§ Prompt
Entries below include pictures. Output exactly the lines from the one with "DUKAP SENSE Hardside" down to the one with "Built For Speed", both ends included, and leave the pictures out.

┌─ Stored data

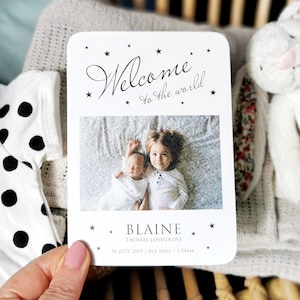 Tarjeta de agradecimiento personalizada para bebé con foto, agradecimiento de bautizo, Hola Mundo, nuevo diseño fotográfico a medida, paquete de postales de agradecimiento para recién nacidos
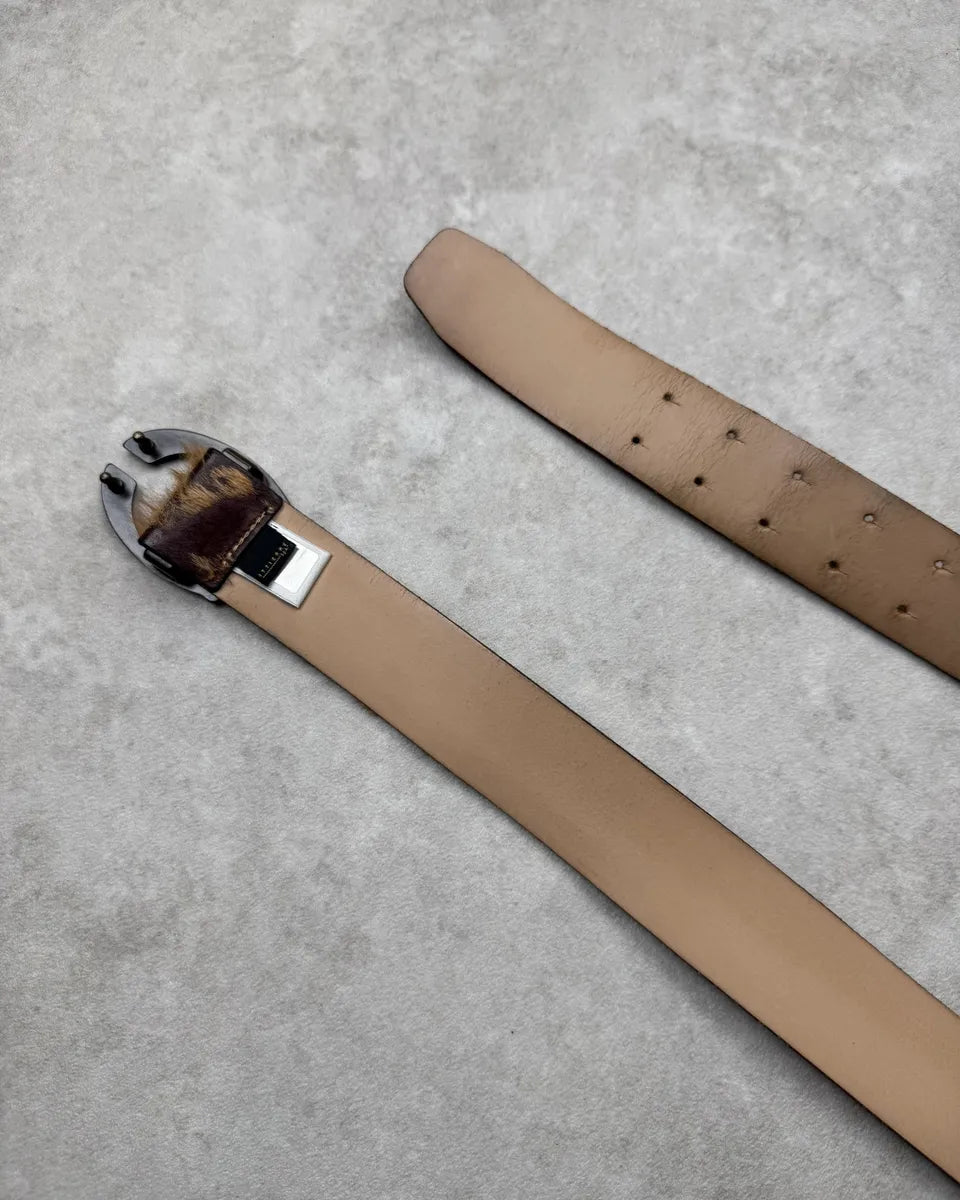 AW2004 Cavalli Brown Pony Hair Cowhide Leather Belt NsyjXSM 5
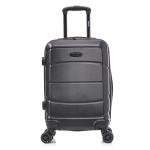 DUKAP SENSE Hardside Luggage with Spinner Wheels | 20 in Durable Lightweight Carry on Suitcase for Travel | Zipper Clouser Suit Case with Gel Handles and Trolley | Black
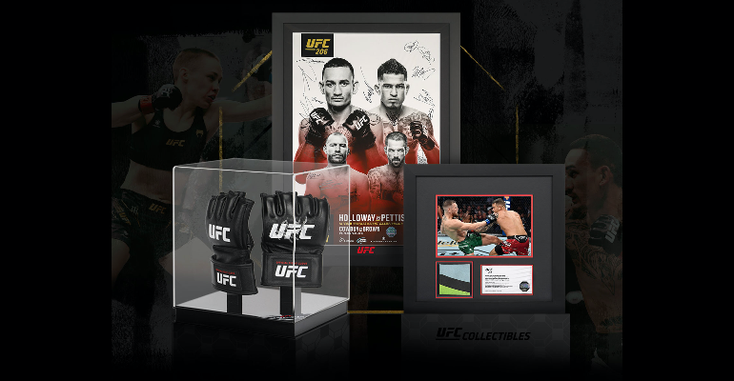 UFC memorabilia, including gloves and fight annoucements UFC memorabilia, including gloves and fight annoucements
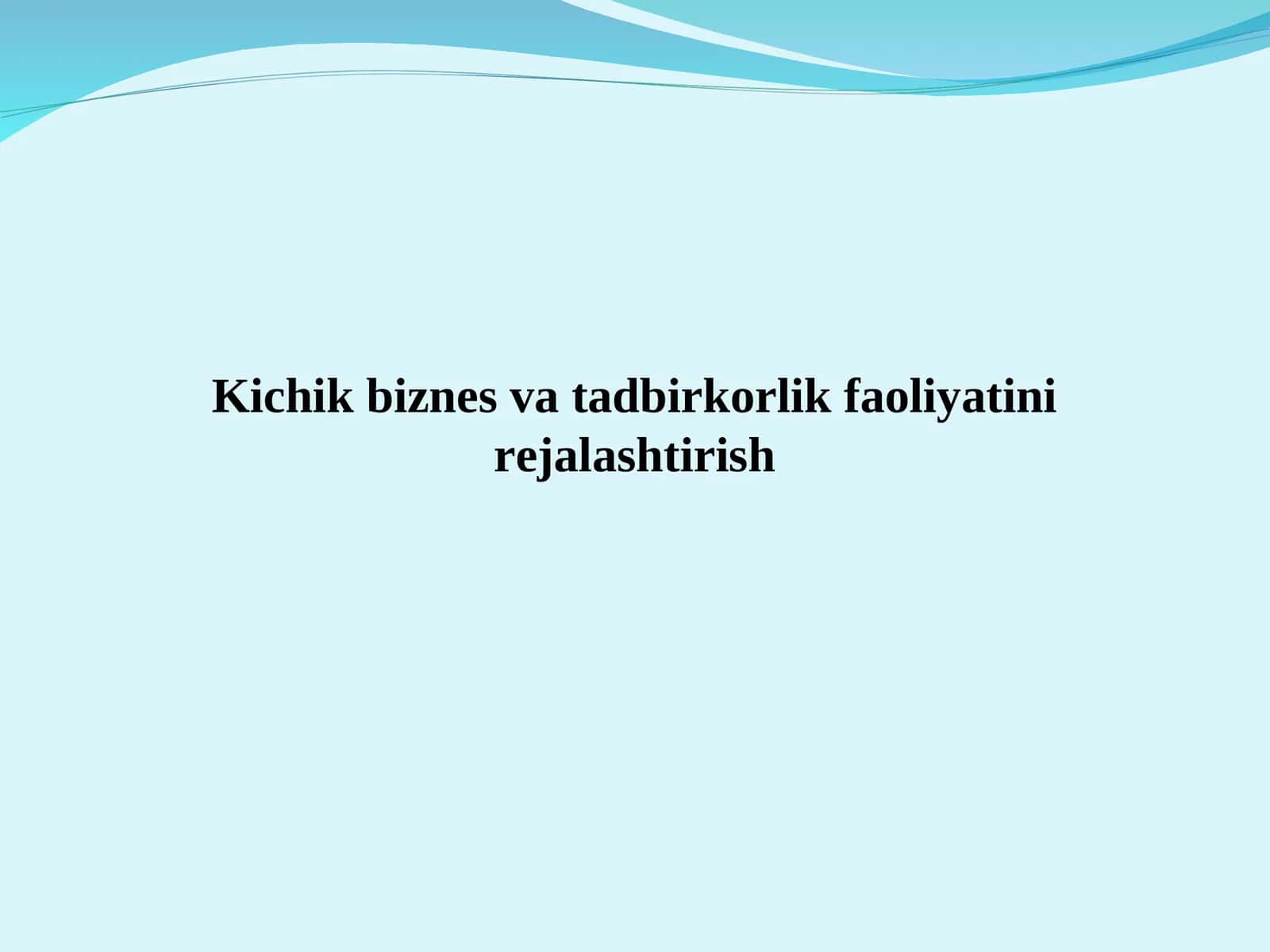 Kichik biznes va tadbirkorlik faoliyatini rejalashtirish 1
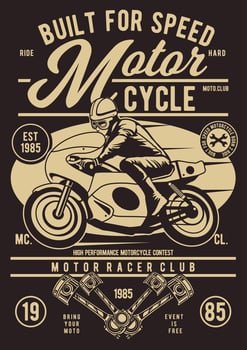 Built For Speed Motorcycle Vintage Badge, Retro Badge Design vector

└─
┌─ Stored data

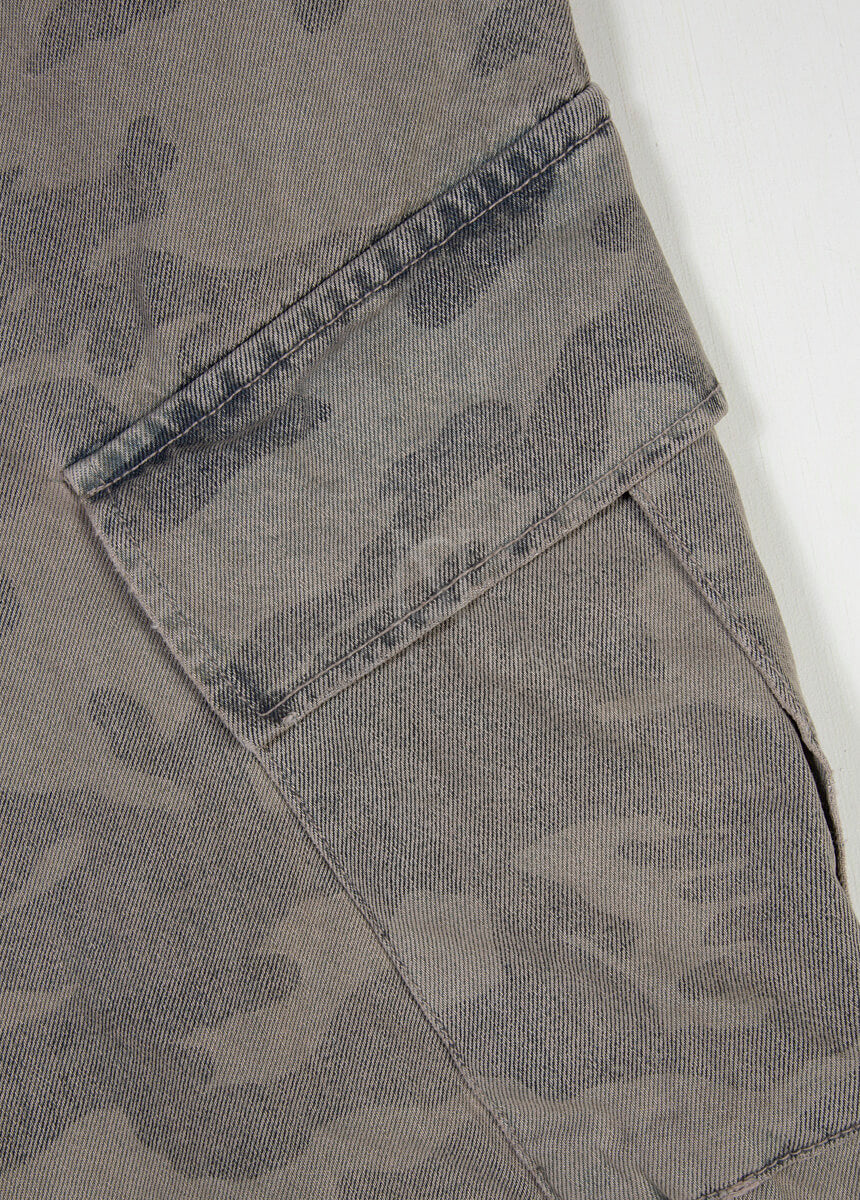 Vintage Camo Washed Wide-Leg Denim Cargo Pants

└─

§ Written answer
 DUKAP SENSE Hardside Luggage with Spinner Wheels | 20 in Durable Lightweight Carry on Suitcase for Travel | Zipper Clouser Suit Case with Gel Handles and Trolley | Black
 UFC memorabilia, including gloves and fight annoucements UFC memorabilia, including gloves and fight annoucements
 Kichik biznes va tadbirkorlik faoliyatini rejalashtirish 1
 Built For Speed Motorcycle Vintage Badge, Retro Badge Design vector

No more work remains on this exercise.